La nostra Costituzione la tutela, ma scivola su alcune cose grossolane. Bisogna sempre pensare al periodo storico in cui la Costituzione è stata scritta e a chi l’ha scritta. Ci si spaventava di un possibile ritorno allo stato dittatoriale e i due partiti che sono usciti vincitori dalla guerra hanno dovuto accontentarsi l’un l’altro.

Risultato? Si è dato un potere sconfinato al Parlamento. I nostri parlamentari tutt’oggi eleggono il Presidente della Repubblica, un terzo dei giudici della Corte Costituzionale, 8 dei 27 membri del Consiglio Superiore della Magistratura, hanno un grosso legame con il Presidente del Consiglio dei Ministri che deve costantemente rivolgersi a loro per adeguare la sua visione a quella della “maggioranza” e hanno il controllo pressoché totale della Commissione di Vigilanza della Rai.
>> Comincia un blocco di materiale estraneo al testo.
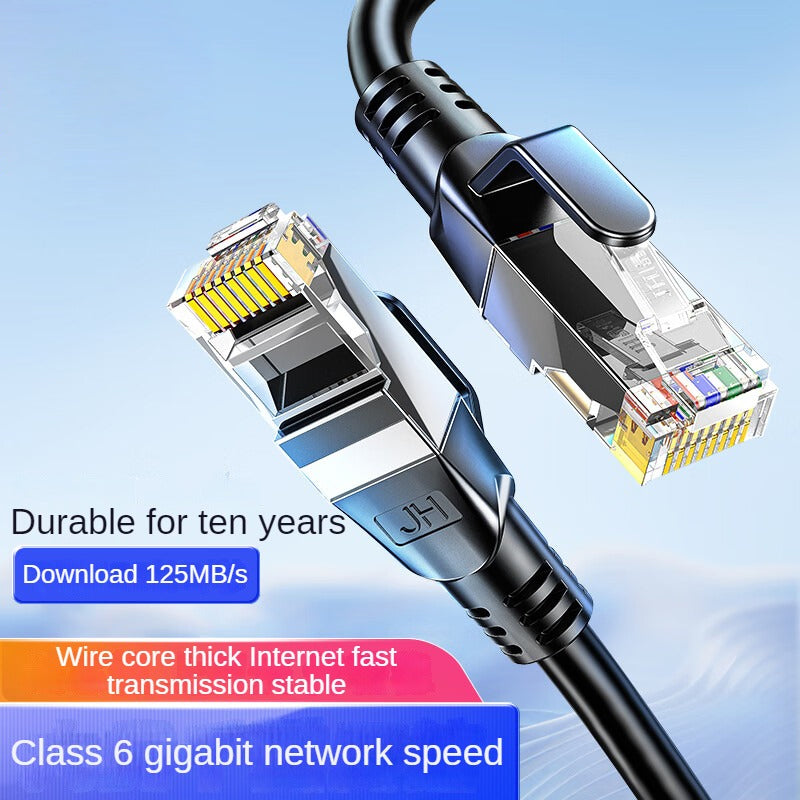 IW198 Category 6 Gigabit Black Network Cable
L’Italia è l’unico paese democratico dove la politica ha un controllo diretto sull’informazione.

Quando il Parlamento si è arrogato il diritto di controllare la televisione pubblica? Nel 1975 quando, per garantire che più voci potessero arrivare agli italiani, si tolse il monopolio al partito allora dominante per darlo a tre partiti. Questa inaccettabile lottizzazione esiste ancora oggi. È possibile togliere questi poteri al Parlamento? Per come sono messe le cose oggi in Italia no, perché gli unici che possono cambiare la Costituzione sono coloro che non hanno interesse a cambiarla.

“Ci si spaventava di un possibile ritorno allo stato dittatoriale”, dicevamo qualche paragrafo sopra quando si parlava degli scarsi poteri dati all’Esecutivo. È vero, ma c’è un’altra contraddizione nella nostra Costituzione: non è stato pensato a un limite al numero di mandati né per il Presidente del Consiglio né per il Presidente della Repubblica.

Questo ha portato all’assurda situazione di oggi, in cui tutti sanno che c’è qualcosa che non va, ma nessuno può fare qualcosa per cambiare le cose. Sarebbe bastata una postilla per evitare quello che è successo dal 1946 a oggi.

Infine, riportiamo un pronunciamento, che di fatto sancisce una regola, della Corte di New York, e l’articolo 45 della Legge 69 del 3 febbraio 1963 che istituisce la professione del giornalista:

USA: «Giornalista è chiunque scriva per giornali, TV o programmi radiofonici, oppure, chiunque in un sito web esponga le sue idee, racconti la sua verità».

Italia: «Nessuno può assumere il titolo né esercitare la professione di giornalista, se non è iscritto nell’Albo professionale».